Institute of Microelectronics, Chinese Academy of Sciences, Beijing 100029, China.
University of Chinese Academy of Sciences, Beijing 100049, China.
Sensors (Basel). 2021 May 16;21(10):3464. doi: 10.3390/s21103464.
Convolutional neural networks (CNNs) have achieved significant breakthroughs in various domains, such as natural language processing (NLP), and computer vision. However, performance improvement is often accompanied by large model size and computation costs, which make it not suitable for resource-constrained devices. Consequently, there is an urgent need to compress CNNs, so as to reduce model size and computation costs. This paper proposes a layer-wise differentiable compression (LWDC) algorithm for compressing CNNs structurally. A differentiable selection operator OS is embedded in the model to compress and train the model simultaneously by gradient descent in one go. Instead of pruning parameters from redundant operators by contrast to most of the existing methods, our method replaces the original bulky operators with more lightweight ones directly, which only needs to specify the set of lightweight operators and the regularization factor in advance, rather than the compression rate for each layer. The compressed model produced by our method is generic and does not need any special hardware/software support. Experimental results on CIFAR-10, CIFAR-100 and ImageNet have demonstrated the effectiveness of our method. LWDC obtains more significant compression than state-of-the-art methods in most cases, while having lower performance degradation. The impact of lightweight operators and regularization factor on the compression rate and accuracy also is evaluated.

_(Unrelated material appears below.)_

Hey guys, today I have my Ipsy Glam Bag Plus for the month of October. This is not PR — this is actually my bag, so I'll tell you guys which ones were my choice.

卷积神经网络 (CNN) 在自然语言处理 (NLP) 和计算机视觉等各个领域都取得了重大突破。然而,性能的提高往往伴随着模型尺寸和计算成本的增加,这使得它们不适合资源受限的设备。因此,迫切需要对 CNN 进行压缩,以减小模型尺寸和计算成本。本文提出了一种基于层的可微分压缩 (LWDC) 算法,用于对 CNN 进行结构压缩。在模型中嵌入一个可微分选择算子 OS,通过梯度下降在一次迭代中同时压缩和训练模型。与大多数现有方法通过从冗余算子中修剪参数不同,我们的方法直接用更轻量级的算子替换原始的庞大算子,只需要提前指定轻量级算子集和正则化因子,而不需要为每层指定压缩率。我们的方法生成的压缩模型是通用的,不需要任何特殊的硬件/软件支持。在 CIFAR-10、CIFAR-100 和 ImageNet 上的实验结果表明了我们方法的有效性。LWDC 在大多数情况下比最先进的方法获得了更大的压缩率,同时性能下降更小。还评估了轻量级算子和正则化因子对压缩率和准确性的影响。